◆ About this task
Repeat the data exactly as given below, dropping every picture.

#### Dataset extract

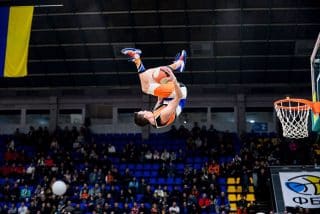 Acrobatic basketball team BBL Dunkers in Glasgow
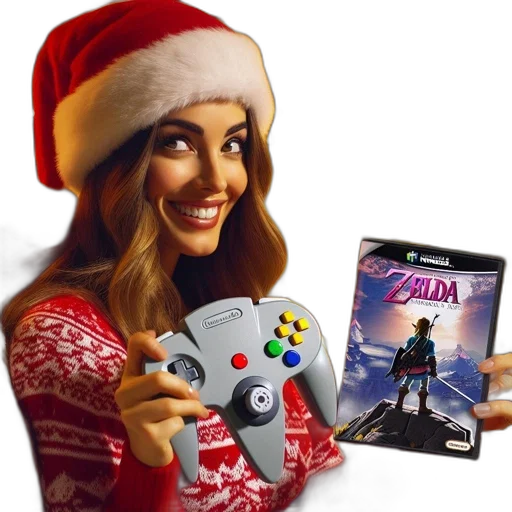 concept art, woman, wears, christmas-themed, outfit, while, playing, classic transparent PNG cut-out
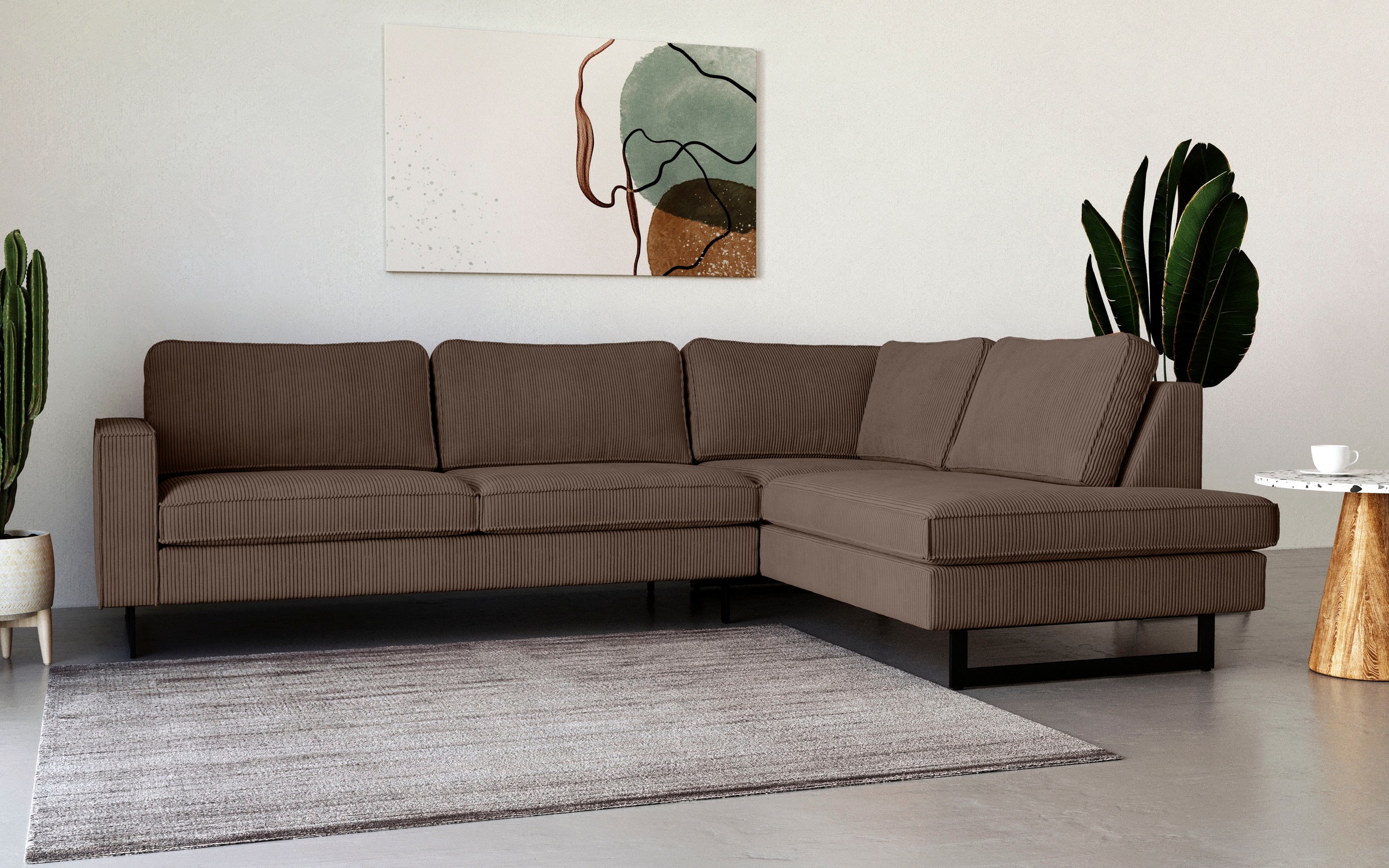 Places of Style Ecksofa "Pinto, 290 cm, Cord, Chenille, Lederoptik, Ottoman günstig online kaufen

########

◆ Written reply
 Acrobatic basketball team BBL Dunkers in Glasgow
 concept art, woman, wears, christmas-themed, outfit, while, playing, classic transparent PNG cut-out
 Places of Style Ecksofa "Pinto, 290 cm, Cord, Chenille, Lederoptik, Ottoman günstig online kaufen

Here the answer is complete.